Much of Bari's New Town actually dates from the early 19th century, but it's laid out on a grid system, so it's easier to find your way around there than in the jumble of narrow streets and alleyways you'll find in the Old Town. The New Town is also the best place to find sophisticated shops and department stores selling good-quality clothes, ceramics and giftware. The broad and beautiful Corso Vittorio Emanuele -- which divides the Old Town from the New -- is well worth strolling along. It's lined with offices on one side, but on the other you'll find charming, early 19th-century buildings in shades of pale cream, chocolate brown and burnt orange, their black wrought-iron balconies vivid with tumbling scarlet geraniums and lavish purple bougainvillea.

A walk around the Old Town is simply magical, for this is a real old town, and the working people of Bari still live there and give it all the charm of an authentic community. While there's not a lot of cash about, there is an old-fashioned feeling of friendliness and mutual cooperation, with children playing on the streets as the women watch and talk.

Take a look around the Old Town food market, fragrant, colorful and bursting with local goodies. It's just off the square on the left of the cathedral. You'll find some fabulous food shops -- like the Panicceria Animaria bakery, which sells delicate, pastel-tinted macaroons, pancerotto (diced ham tarts) and zhuccacio (savory pastries), and heart-shaped apricot and almond biscotti -- in the same area. The Antica Salumeria, a lovely old grocery shop a few doors down from the bakery, is fragrant as only Italian shops can be, with scents of freshly baked panini, herbs, pungently spiced sausages and local cheeses and hams. Be warned, though: As you walk through the door, a hog's head hanging on the wall may startle you!

Two of Bari's most notable churches -- the 11th-century Basilica of St. Nicola (which has a magnificent painted ceiling and a gold-encrusted crypt containing the Saint's remains) and the 12th-century Cathedral of San Sabino -- are both based in the Old Town. The same area is home to tiny convents, chapels and shrines founded by ancient communities in Bari; they include the Church of San Marco, founded by the Venetians, and the Chieso del Santa Maria del Carmine, founded by the Carmelites in 1542. The latter is worth seeing for its elegant Wedgewood, blue Baroque-style, gold and gilt interior; inlaid marble altar and glittering crystal chandelier.

The Norman-Swabian Castle lies on Piazza Federico II di Svevia, just outside the Old City walls, facing the sea. Built between 1233 and 1240 by Frederick II, it has angular towers that were added in the 16th century.

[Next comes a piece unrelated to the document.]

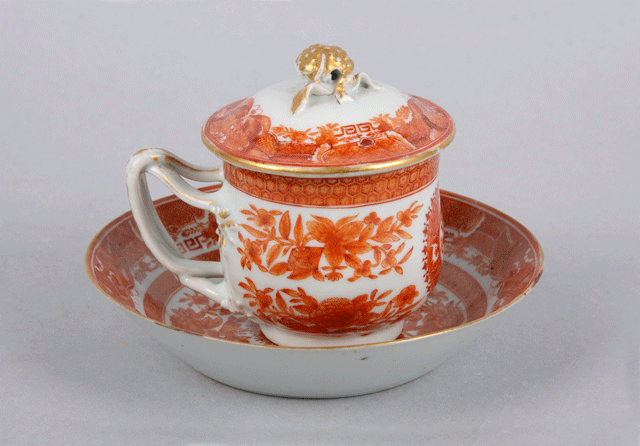 covered tea cup and saucer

Nowadays, it's occupied by a government department, but tourists can go inside for a small fee and visit its plaster-cast gallery, which features ornamental casts of Italian buildings, created between the 11th and 17th centuries. Hours are 8:30 a.m. to 7:30 p.m. Tuesday to Sunday.

The pretty beach resort of Trani is located about 30 km from Bari. (A taxi will cost approximately 80 euros, roundtrip.) It's a sleepy place with an attractive waterfront and oodles of old-fashioned charm; one fan described it as looking like a 1950's film set. It's a great place to come to relax and watch the boats in the harbor. The only other attraction would be a visit to its 12th-century Cattedrale di San Nicola Pellegrino.

Explore the atmospheric ruins of an ancient Roman city at Canosa di Puglia, 50 km from Bari. (A taxi, plus waiting time, will cost between 100 and 120 euros.) Canosa is considered the archaeological capital of Puglia and is one of Italy's oldest continually inhabited cities, believed to date from the 7th century B.C. Worth seeing are ancient catacombs dating from the 4th to the 2nd century B.C. Editor's note: Canosa is a fair distance from the port, so consider a visit only if you have a long time ashore.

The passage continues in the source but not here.